Polina A. Gadjicurbanova

Stoic Ethics as object of philosophical reflection
Research project, Russian Foundation for Humanities, 2004–2005.

 

 

The project is devoted to the analysis of different treatments of Stoic ethics in the works of E. Zeller, M. Polenz, E. Brehier, A.F. Losev, G. Deleuze. The analysis allows to describe peculiar features of different strategies of research into Stoic ethics.

Classical strategy (E. Zeller) demonstrates an objectivist approach; the research is oriented at the immanent historical reconstruction of the classical philosophical heritage. With a manifest ban on the use of models taken for granted in history of philosophy, this strategy still shows an unspoken tendency to view Stoic thought in the light of Platonic-Aristotelian tradition.

It is typical of the modernist strategy of research (M. Polenz, E. Brehier, A.F. Losev) to take a more subjectivist standpoint in research. This approach shows itself in the search for a key idea that would account for the original phenomenon of Stoicism as distinct from the classical doctrines of Plato and Aristotle. This type of study aims at the interpretation of Stoic philosophy against the background of modern philosophical theories.

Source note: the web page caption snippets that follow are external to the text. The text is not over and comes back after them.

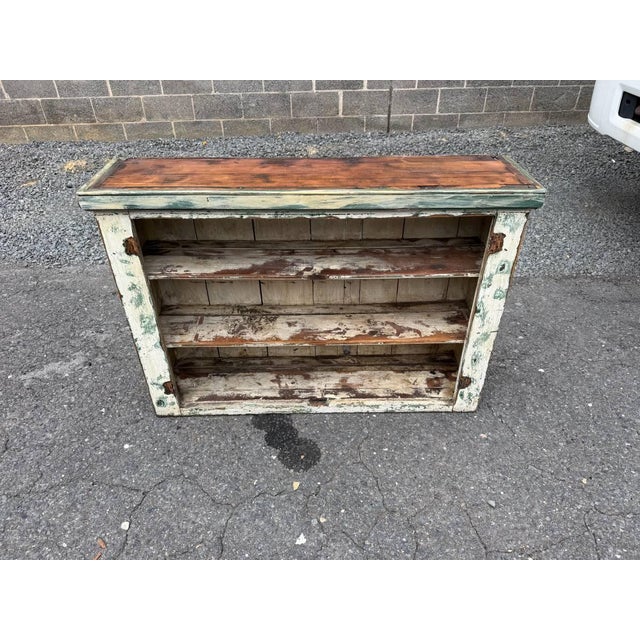 Antique Victorian Style Painted Open Shelving Unit Bookcase For Sale - Image 4 of 14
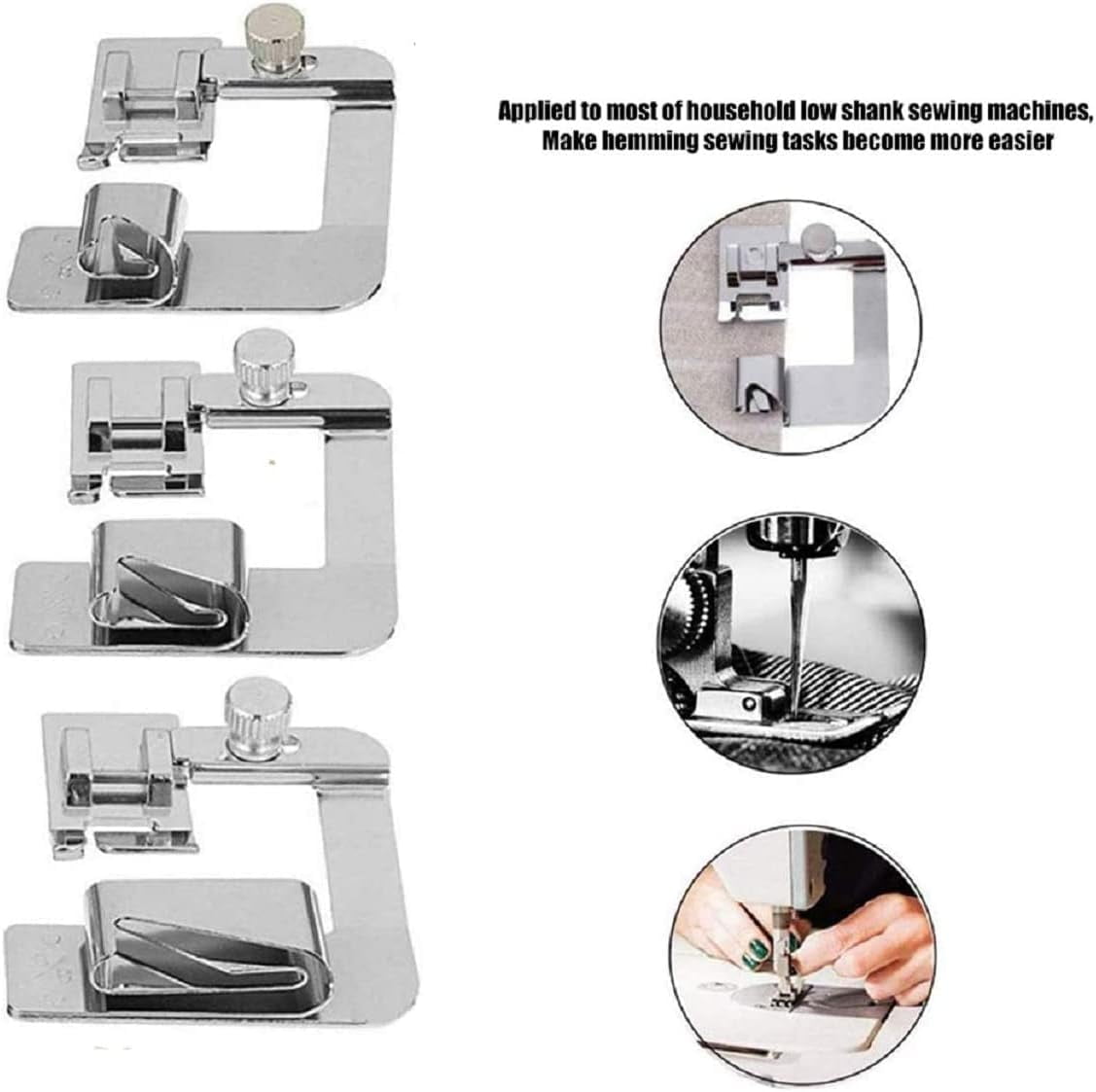6 Sizes Rolled Hem Presser Foot, Wide Rolled Hem Foot Set & Narrow Hemmer Foot Set for All Low Shank Snap-On Singer, Brother, Babylock, Euro-Pro, Janome, Kenmore, White, Elna S - Image 3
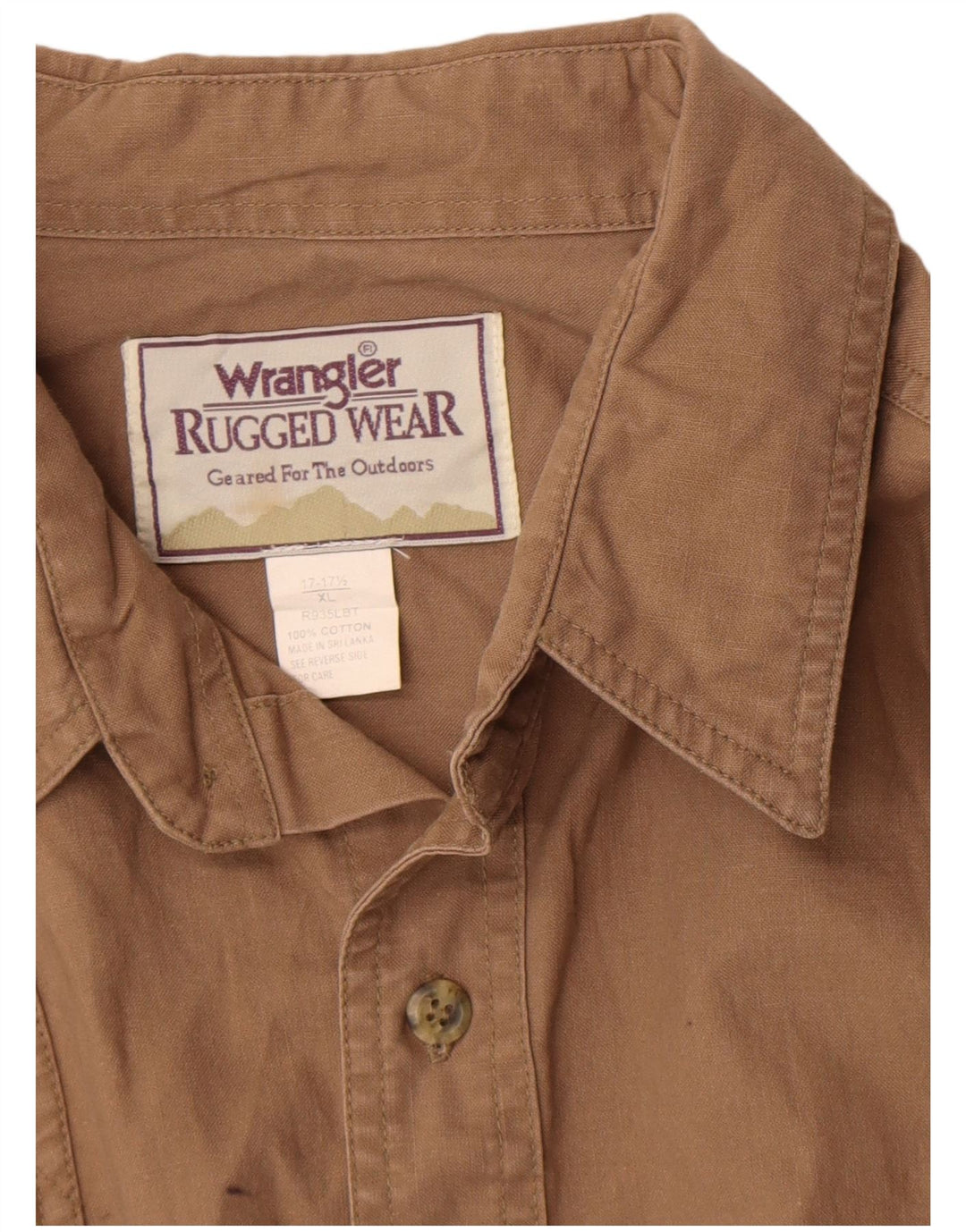 Wrangler Herrenhemd XL, braune Baumwolle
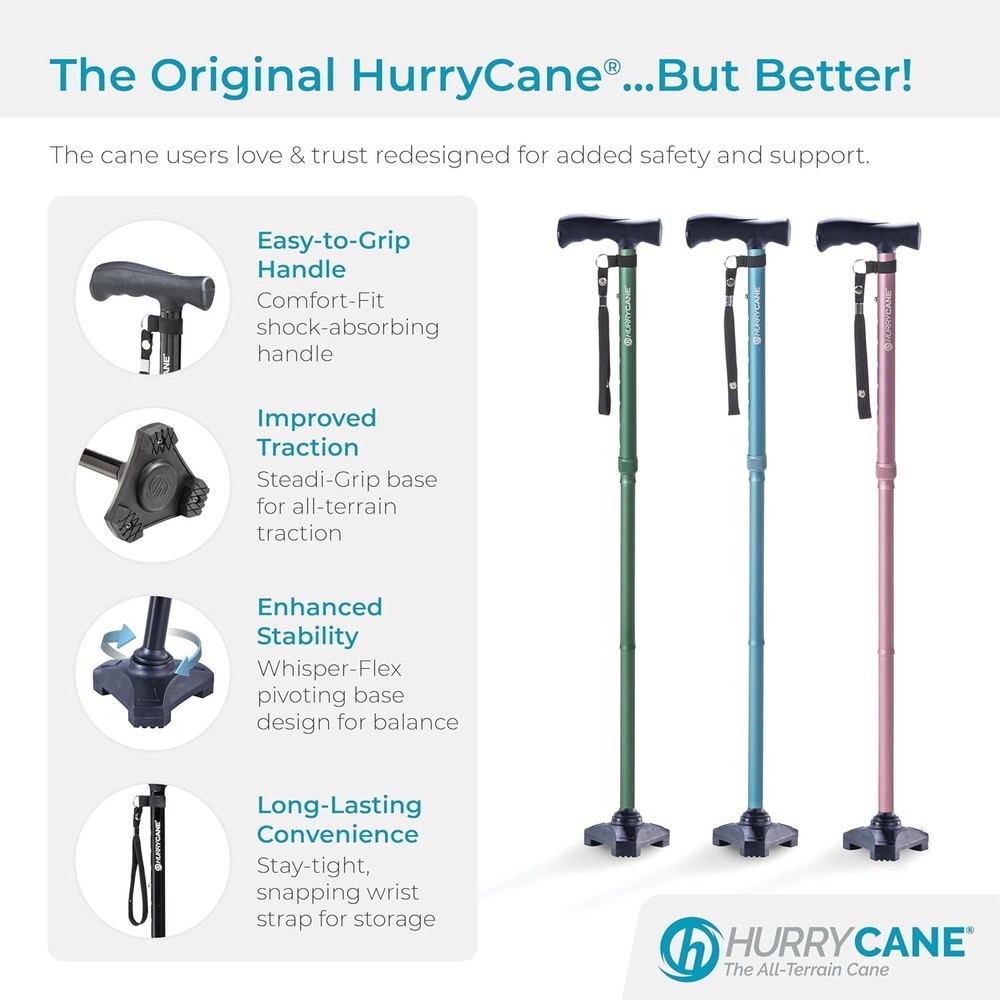 HCANE Freedom Edition Foldable Walking Cane - Adjustable & Stylish Mobility Aid
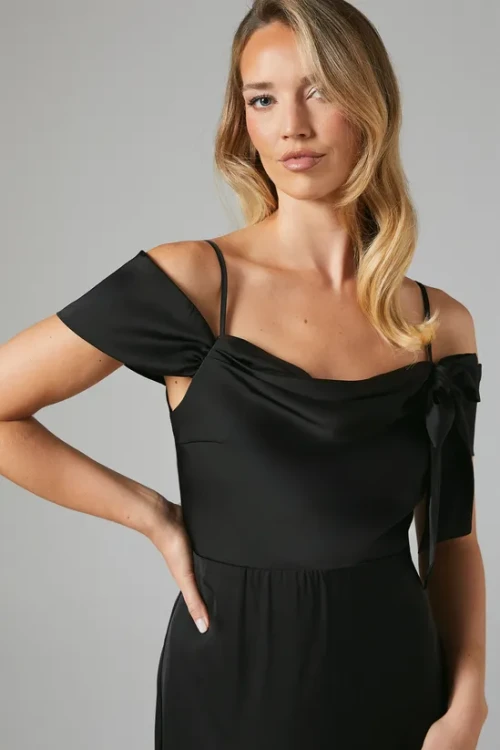 Elegant Sexy Camisole Off Shoulder Sweet Neckline Hip Wrap Solid Color Party Dress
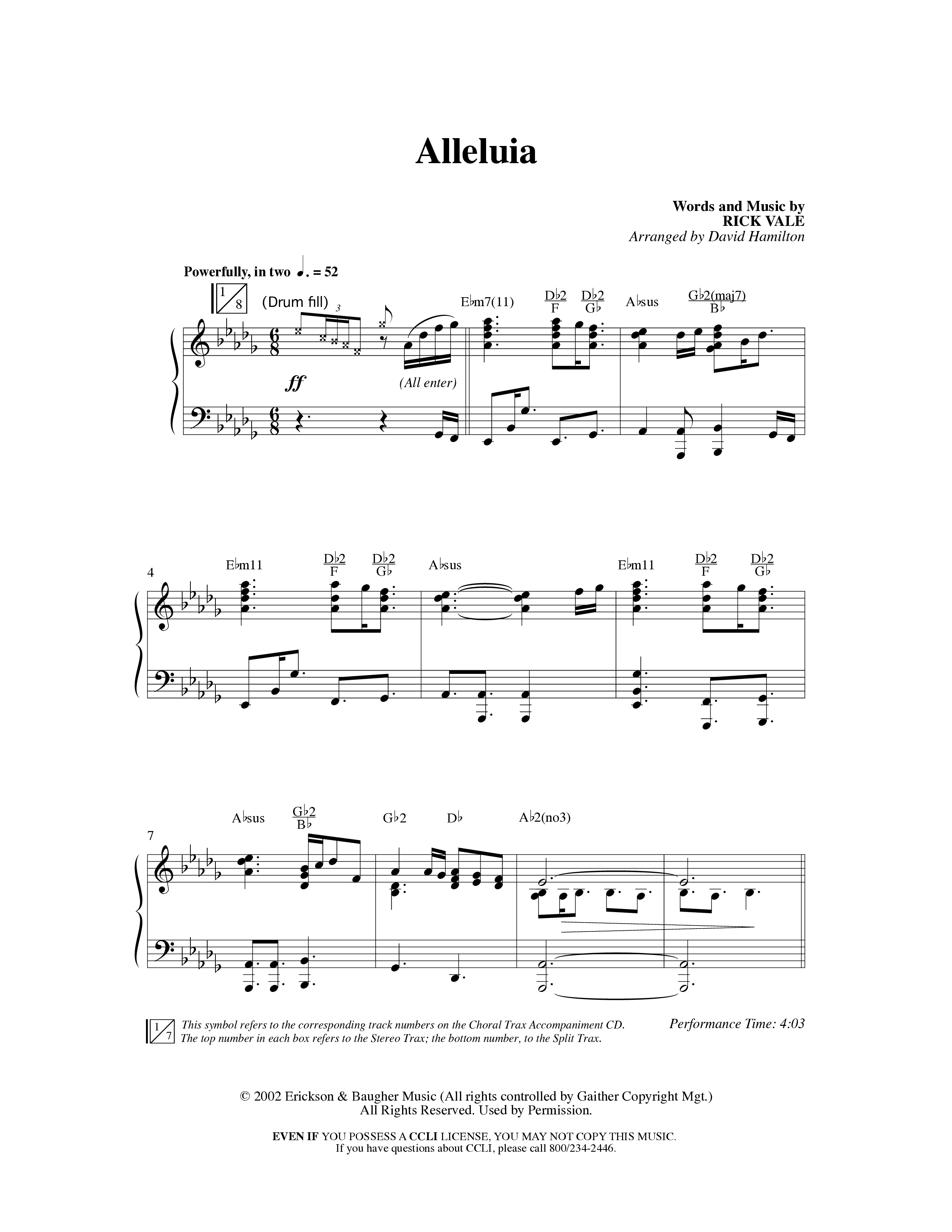 Alleluia (Choral Anthem SATB) Anthem (SATB/Piano) (Word Music Choral / Arr. David Hamilton)
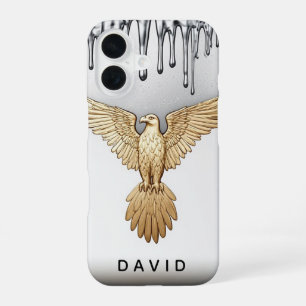 🦅 Liquid Gold Eagle Name Flow  Custom Metallic iPhone 16 Hülle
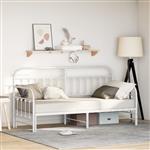 vidaXL Bedframe voor een daybed met hoofdeinde Wit 75 x 190 cm Staal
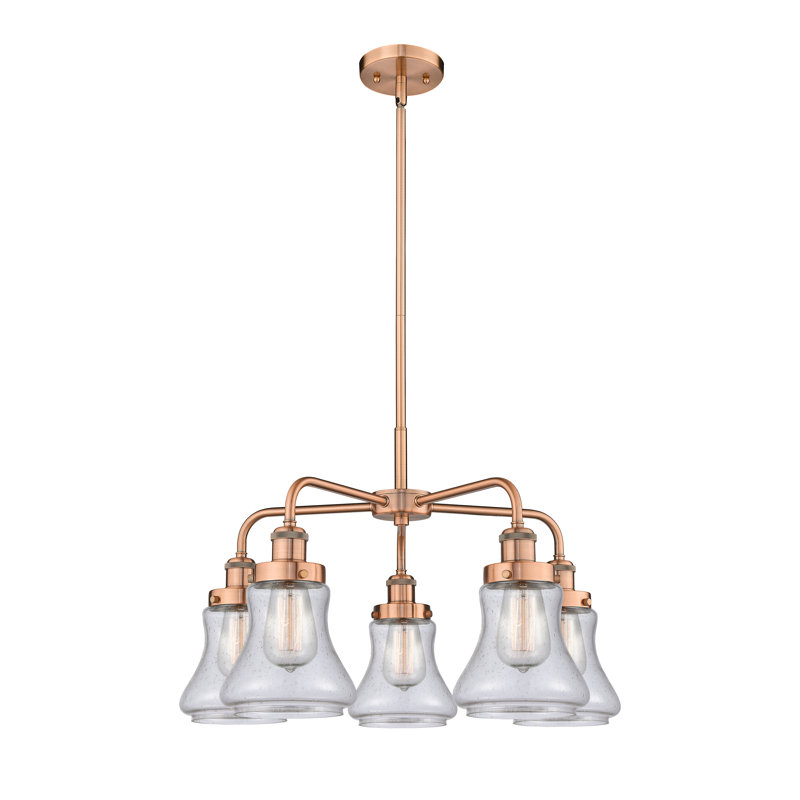 Bhanupriya 5 - Light Glass Dimmable Chandelier, Seedy, Antique Copper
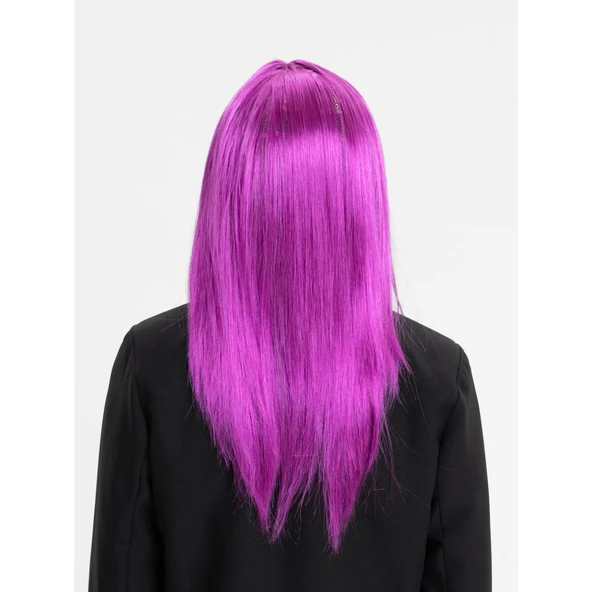 Fuşya Renk Düz Kesim Uzun Parti Peruğu Takma Saç - Resim 2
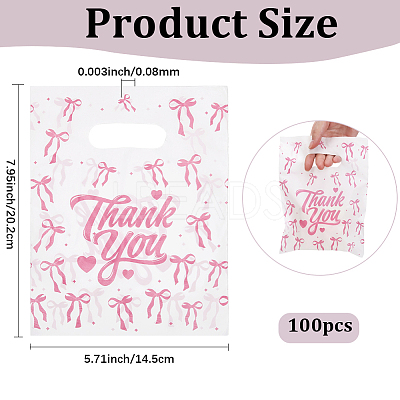 100Pcs Bowknot Thank You Printed Eco-Friendly Reusable Bags ABAG-SP0001-61A-A-1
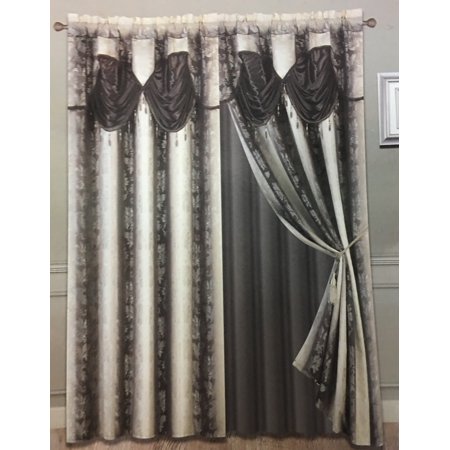 Luxury Embroidered Curtain Set 4 Piece Chocolate Brown Or Silver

The postmodern strategy (G. Deleuze) of destruction is to demystify the predominant ideologemes and to revise the deep-laid ontological foundations of the European thought. Rather than working at a new interpretation of Stoic philosophy, Deleuze intended to discover within Stoicism certain basic principles that would contribute to a new ontology, radically parting with classical Platonic-Aristotelian tradition. As a result of this the antique thought receives a fresh and strikingly up-to-date reading. This reading involves, however, putting under question the formerly unquestioned and widely accepted descriptions of Stoic teaching as monism, rationalism, and panlogism, the coincidence of physical, logical, and ethical laws and, consequently, the intellectualism itself of Stoic ethics.